東京と札幌の2つの拠点で事業を展開するEZO CONSULTING GROUP株式会社(以下EZO)の採用担当三上早紀です。弊社は、会社経営者の方、事業法人の不動産部門向けに不動産投資コンサルティングと物上げ・仕入業務を自動化する手書きDMサービス『反響革命』を柱にしている不動産テック企業です。

今回は、そんな会社を創業した田中の人柄から創業に至った経緯、そしてこれからのビジョンを紐解くべくインタビューを実施。前後編に分けてお届けします!

代表取締役CEO 最高経営責任者 田中 雄土

1988年北海道生まれ。2010年早稲田大学卒業後、アルペンスキー選手として活動。第89回全日本スキー選手権 回転競技3位等の成績を収め引退。2012年大手不動産会社に入社し、事業用・収益用不動産の売買仲介業務に従事。全国優秀賞を受賞。2015年5月当社創業。不動産業に対する業務支援サービスに疑問を感じ、不動産業者に取って本当に必要なサービスを提供すべく『反響革命』をローンチ。

オリンピックを目指し、人生をかけてきたアルペンスキー選手時代

――まずは自身の経歴など自己紹介的なことから教えてください。

大学卒業後はアルペンスキー選手として活動し、引退後、大手不動産会社に入社しました。不動産会社で働いていた頃に業界の課題を感じるようになり、2015年に創業して今に至ります。
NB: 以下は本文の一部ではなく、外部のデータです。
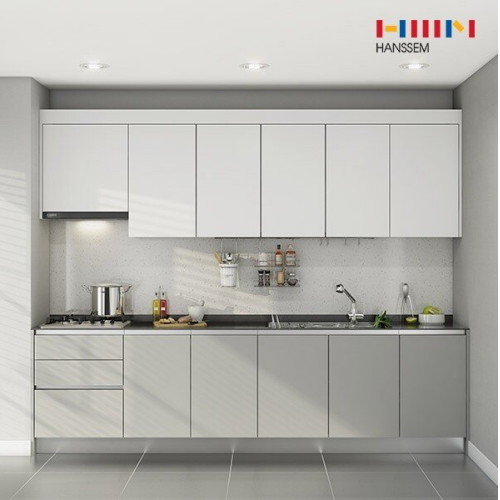 한샘 베리키친 슬림 ㅡ자 (~2.6m)_이미지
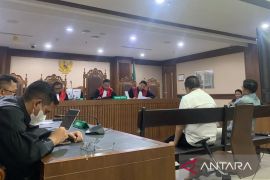 La Ode Gomberto divonis tiga tahun penjara terkait kasus suap PEN Muna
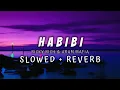 Ricky Rich & ARAM Mafia - Habibi (SLOWED AND REVERB)  | B.M.SLOWED MUXIC  |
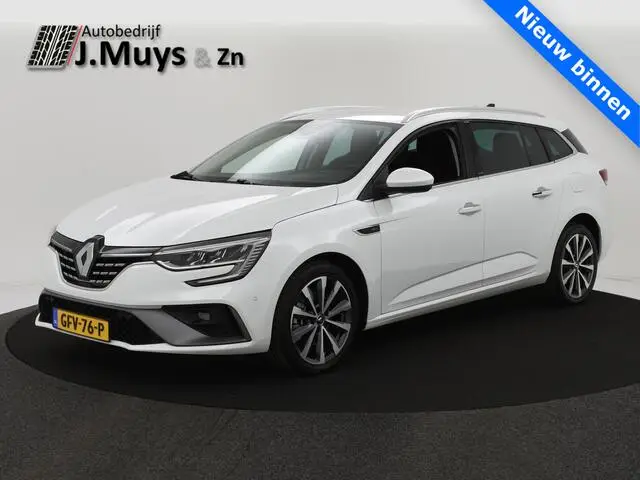 Photo 1 : Renault Megane 2021 Hybrid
僕は物心ついた時からずっとスキーをしていて、幼少期の頃からアルペンスキーの競技でオリンピックに出場し、金メダルを取りたいという夢をずっと持っていました。大学に行ってからもただがむしゃらにスキーに取り組んでいて、卒業式とか成人式とかにも出ずに練習に明け暮れました。それくらいスキーに打ち込んでいたんです。

いろいろありましたが最終的にはオセアニアカップ8位、全日本スキー選手権で3位という成績を残せたものの、オリンピックは夢のまた夢って感じで届かなかったんですよね。

――日本3位でも十分すごいと思います……!スキーはいつまで続けたのでしょうか。

2011年までですね。東日本大震災の影響でスポンサーが離れてしまいました。それでも、一からスポンサーを探しつつスキーを続けたのですが、とてもじゃないが次のオリンピックは目指せる状態じゃなくて。それでその次となると8年後です。「今から8年後の舞台で金メダルは現実的じゃない……」と思い、かなり悩みましたが引退することにしました。

――それは大きな決断でしたね。それまでの人生を賭けて頑張ってきたスキーを止めた後はどうしたのですか。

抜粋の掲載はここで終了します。